Even outside of the context of the Confrontation Clause, Justice Scalia championed the Sixth Amendment and its right to a trial by jury.35 In Apprendi v. New Jersey, Justice Scalia wrote a concurrence defending the jury right.36 “[T]he criminal will never get more punishment than he bargained for when he did the crime, and his guilt of the crime (and hence the length of the sentence to which he is exposed) will be determined beyond a reasonable doubt by the unanimous vote of [twelve] of his fellow citizens.”37

Later, in Ring v.
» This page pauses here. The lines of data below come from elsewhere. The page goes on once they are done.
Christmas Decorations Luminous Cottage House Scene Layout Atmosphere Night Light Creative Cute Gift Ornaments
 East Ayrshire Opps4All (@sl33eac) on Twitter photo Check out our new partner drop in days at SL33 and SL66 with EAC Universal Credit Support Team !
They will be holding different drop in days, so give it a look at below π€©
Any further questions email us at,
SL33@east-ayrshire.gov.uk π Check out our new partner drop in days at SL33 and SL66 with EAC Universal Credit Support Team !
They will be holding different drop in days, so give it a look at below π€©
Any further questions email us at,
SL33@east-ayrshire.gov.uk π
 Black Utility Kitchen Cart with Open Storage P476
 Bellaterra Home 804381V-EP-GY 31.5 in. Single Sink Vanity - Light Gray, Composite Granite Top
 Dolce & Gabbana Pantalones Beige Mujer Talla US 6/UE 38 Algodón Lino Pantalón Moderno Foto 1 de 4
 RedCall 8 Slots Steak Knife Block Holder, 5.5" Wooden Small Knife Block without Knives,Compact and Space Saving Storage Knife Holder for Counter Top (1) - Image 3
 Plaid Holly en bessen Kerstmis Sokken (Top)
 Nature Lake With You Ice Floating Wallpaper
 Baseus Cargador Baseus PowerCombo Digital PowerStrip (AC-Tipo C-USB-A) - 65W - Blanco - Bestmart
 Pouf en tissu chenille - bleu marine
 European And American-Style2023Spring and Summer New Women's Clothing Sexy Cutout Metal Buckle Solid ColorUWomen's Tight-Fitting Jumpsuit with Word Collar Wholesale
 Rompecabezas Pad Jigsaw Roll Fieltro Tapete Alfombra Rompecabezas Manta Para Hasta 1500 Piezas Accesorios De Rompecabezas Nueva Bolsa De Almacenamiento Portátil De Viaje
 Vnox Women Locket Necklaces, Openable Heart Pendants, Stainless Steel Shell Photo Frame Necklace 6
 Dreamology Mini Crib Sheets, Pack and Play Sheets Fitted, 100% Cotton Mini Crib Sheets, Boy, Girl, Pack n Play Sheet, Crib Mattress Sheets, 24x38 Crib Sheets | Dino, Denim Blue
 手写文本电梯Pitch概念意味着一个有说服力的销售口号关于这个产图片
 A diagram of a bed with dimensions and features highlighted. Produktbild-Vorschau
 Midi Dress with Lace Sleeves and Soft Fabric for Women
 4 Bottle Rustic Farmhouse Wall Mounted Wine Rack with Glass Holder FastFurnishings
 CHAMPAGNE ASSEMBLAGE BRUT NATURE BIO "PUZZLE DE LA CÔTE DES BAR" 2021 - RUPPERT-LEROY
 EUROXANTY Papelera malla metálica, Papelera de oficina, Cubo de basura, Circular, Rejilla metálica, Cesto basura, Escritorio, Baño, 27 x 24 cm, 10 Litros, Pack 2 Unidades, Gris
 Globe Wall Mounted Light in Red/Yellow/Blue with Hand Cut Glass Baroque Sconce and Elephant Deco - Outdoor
Arizona, Justice Scalia wrote another concurrence stating that:

[T]he fundamental meaning of the jury-trial guarantee of the Sixth Amendment is that all facts essential to imposition of the level of punishment that the defendant receives—whether the statute calls them elements of the offense, sentencing factors, or Mary Jane—must be found by the jury beyond a reasonable doubt.38

His impassioned defense of the Sixth Amendment was decisive. He continued, “[w]e cannot preserve our veneration for the protection of the jury in criminal cases if we render ourselves callous to the need for that protection by regularly imposing the death penalty without it.”39

It would be wrong to paint a picture of Justice Scalia as one who always sided with the accused. He famously argued in Herrera v. Collins that there was no right for a convicted defendant to bring forth evidence of actual innocence.40 Though he was a fierce protector of privacy in the home when it came to the Fourth Amendment, he also penned a dissent in Lawrence v. Texas that did not mince words when he condemned the Court for overturning an anti-sodomy statute.41 He has told audiences he would like to do away with Miranda Rights,42 and penned an opinion in Maryland v. Shatzer that held a two-week break in interrogation was sufficient to outweigh the presumption of involuntariness (and thus statements made after such a break weren’t required to be suppressed).43 In Hudson v. Michigan, he determined that “[r]esort to the massive remedy of suppressing evidence of guilt is unjustified” in a case featuring a violation of the knock-and-announce rule.44 And perhaps his most well-known anti-defendant stance can be found in any death penalty case, where Justice Scalia could be especially ruthless.45

In sum, Justice Scalia had a large influence in many areas of jurisprudence, and criminal law was no exception. His devotion to originalism likely played a large role in his criminal opinions, which will shape criminal justice for many years to come. His outsized influence on the Court matched his personality, and he has surely “left an indelible mark on our history.”46 While many may disagree with his views on various issues, it would be hard to conclude that his jurisprudence was anything other than nuanced. The previous cases represent only some of the majority and dissenting opinions he penned himself, but his influence on the Court was undoubtedly much greater, even when only joining in opinions written by colleagues. Though he will be missed—if nothing else, he has kept things interesting—his jurisprudence will live on.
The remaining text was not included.